#### PROBLEM REQUIREMENTS:
Whenever the string "Used" turns up in a line below, that line should be copied.

#### INPUT DATA:
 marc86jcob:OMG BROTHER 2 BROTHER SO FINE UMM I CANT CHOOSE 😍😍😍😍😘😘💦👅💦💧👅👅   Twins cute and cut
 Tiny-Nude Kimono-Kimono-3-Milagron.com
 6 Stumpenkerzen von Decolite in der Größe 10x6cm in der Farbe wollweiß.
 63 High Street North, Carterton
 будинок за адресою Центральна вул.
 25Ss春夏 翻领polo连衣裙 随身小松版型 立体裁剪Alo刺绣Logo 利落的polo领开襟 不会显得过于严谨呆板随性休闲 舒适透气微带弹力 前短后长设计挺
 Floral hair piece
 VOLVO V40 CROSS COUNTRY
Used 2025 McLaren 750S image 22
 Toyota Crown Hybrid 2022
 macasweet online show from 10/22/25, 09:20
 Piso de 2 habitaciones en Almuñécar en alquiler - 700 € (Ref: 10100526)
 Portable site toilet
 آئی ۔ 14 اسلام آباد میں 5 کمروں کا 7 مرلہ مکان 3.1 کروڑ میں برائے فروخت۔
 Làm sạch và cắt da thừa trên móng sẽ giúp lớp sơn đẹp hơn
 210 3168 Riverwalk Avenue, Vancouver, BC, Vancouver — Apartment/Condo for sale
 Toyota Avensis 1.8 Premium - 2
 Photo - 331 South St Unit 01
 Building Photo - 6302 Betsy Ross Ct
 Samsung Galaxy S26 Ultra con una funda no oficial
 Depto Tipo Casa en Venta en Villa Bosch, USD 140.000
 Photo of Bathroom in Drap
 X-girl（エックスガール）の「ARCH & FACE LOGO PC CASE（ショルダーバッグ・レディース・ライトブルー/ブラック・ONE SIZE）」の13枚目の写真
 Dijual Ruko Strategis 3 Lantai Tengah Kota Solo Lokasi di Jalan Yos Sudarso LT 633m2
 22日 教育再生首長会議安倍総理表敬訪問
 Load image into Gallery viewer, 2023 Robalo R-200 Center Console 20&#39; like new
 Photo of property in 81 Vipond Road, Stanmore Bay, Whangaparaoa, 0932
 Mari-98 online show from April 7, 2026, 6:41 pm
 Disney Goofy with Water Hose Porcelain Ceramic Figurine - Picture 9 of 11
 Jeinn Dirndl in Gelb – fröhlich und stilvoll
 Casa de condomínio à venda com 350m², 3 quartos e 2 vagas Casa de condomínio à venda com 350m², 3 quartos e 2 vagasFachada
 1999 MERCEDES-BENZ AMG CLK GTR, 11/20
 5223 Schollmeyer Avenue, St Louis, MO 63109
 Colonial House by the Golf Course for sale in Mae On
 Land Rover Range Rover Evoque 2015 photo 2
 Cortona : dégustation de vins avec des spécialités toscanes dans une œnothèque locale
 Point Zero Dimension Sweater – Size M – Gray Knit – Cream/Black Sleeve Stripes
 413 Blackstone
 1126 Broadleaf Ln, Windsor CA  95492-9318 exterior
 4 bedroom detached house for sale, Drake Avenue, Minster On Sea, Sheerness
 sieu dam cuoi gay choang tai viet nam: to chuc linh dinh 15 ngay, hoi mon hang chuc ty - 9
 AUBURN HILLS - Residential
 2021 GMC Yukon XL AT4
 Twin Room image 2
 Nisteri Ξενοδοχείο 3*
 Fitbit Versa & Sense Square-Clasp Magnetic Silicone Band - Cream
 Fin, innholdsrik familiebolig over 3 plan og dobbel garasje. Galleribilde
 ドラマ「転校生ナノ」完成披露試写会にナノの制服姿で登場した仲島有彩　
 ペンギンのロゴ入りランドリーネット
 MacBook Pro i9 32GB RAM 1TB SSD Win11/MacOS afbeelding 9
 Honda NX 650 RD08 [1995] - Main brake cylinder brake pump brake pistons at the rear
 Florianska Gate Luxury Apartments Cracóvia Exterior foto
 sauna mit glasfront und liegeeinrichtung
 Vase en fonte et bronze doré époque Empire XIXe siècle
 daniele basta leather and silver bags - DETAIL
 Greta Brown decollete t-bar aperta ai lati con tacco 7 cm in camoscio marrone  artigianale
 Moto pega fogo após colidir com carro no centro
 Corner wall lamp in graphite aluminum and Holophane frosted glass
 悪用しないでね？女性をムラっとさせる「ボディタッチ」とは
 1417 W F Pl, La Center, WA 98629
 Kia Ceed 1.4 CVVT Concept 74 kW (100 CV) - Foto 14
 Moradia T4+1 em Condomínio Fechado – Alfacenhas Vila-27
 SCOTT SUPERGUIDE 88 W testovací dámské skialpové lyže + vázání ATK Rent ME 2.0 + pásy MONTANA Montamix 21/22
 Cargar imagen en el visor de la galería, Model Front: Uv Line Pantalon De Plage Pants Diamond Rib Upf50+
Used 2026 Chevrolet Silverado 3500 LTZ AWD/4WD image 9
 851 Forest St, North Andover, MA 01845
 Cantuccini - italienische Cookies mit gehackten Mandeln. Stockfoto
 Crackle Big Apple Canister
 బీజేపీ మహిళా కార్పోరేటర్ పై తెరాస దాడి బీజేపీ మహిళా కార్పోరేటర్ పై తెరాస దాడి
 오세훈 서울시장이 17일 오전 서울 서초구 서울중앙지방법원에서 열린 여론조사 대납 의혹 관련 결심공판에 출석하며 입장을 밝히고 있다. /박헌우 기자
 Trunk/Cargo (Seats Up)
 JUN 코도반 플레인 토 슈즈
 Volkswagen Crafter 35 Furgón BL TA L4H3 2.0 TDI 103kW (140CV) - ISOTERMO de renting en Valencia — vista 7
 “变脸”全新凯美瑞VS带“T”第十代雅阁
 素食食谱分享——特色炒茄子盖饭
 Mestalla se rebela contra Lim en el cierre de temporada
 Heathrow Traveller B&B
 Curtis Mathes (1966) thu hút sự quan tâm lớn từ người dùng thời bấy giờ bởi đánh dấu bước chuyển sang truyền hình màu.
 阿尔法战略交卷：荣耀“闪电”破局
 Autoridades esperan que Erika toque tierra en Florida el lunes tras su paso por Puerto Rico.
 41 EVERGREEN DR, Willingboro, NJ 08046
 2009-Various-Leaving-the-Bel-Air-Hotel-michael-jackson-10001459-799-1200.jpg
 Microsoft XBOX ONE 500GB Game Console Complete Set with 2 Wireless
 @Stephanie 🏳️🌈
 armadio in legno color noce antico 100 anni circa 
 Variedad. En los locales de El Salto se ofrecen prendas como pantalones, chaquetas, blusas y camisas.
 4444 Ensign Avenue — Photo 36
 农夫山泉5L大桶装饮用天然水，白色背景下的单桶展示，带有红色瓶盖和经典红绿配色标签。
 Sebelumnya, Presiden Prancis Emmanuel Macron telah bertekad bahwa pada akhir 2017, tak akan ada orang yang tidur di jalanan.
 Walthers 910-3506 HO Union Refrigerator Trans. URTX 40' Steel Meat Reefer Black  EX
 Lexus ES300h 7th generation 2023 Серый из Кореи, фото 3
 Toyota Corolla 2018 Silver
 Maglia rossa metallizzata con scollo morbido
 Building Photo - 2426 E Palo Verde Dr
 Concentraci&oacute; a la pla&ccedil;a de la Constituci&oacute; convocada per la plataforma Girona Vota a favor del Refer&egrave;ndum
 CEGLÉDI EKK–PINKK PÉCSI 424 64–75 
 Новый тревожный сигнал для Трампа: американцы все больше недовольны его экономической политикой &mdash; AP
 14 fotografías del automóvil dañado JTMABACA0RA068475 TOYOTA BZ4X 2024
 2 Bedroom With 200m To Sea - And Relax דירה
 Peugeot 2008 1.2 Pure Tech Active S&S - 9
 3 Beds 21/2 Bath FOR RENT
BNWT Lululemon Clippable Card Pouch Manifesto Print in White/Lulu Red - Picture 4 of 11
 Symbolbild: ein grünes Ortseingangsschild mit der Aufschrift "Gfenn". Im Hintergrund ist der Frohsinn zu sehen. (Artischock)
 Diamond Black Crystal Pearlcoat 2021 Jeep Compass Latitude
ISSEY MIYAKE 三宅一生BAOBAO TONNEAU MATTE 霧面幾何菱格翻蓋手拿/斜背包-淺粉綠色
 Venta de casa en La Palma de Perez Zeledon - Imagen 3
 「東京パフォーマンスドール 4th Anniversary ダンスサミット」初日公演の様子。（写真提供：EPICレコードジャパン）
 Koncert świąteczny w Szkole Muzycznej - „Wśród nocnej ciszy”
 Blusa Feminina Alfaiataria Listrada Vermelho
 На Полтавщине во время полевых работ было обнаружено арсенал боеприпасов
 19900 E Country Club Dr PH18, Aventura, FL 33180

#### THE COMPLETED TASK:
Used 2025 McLaren 750S image 22
Used 2026 Chevrolet Silverado 3500 LTZ AWD/4WD image 9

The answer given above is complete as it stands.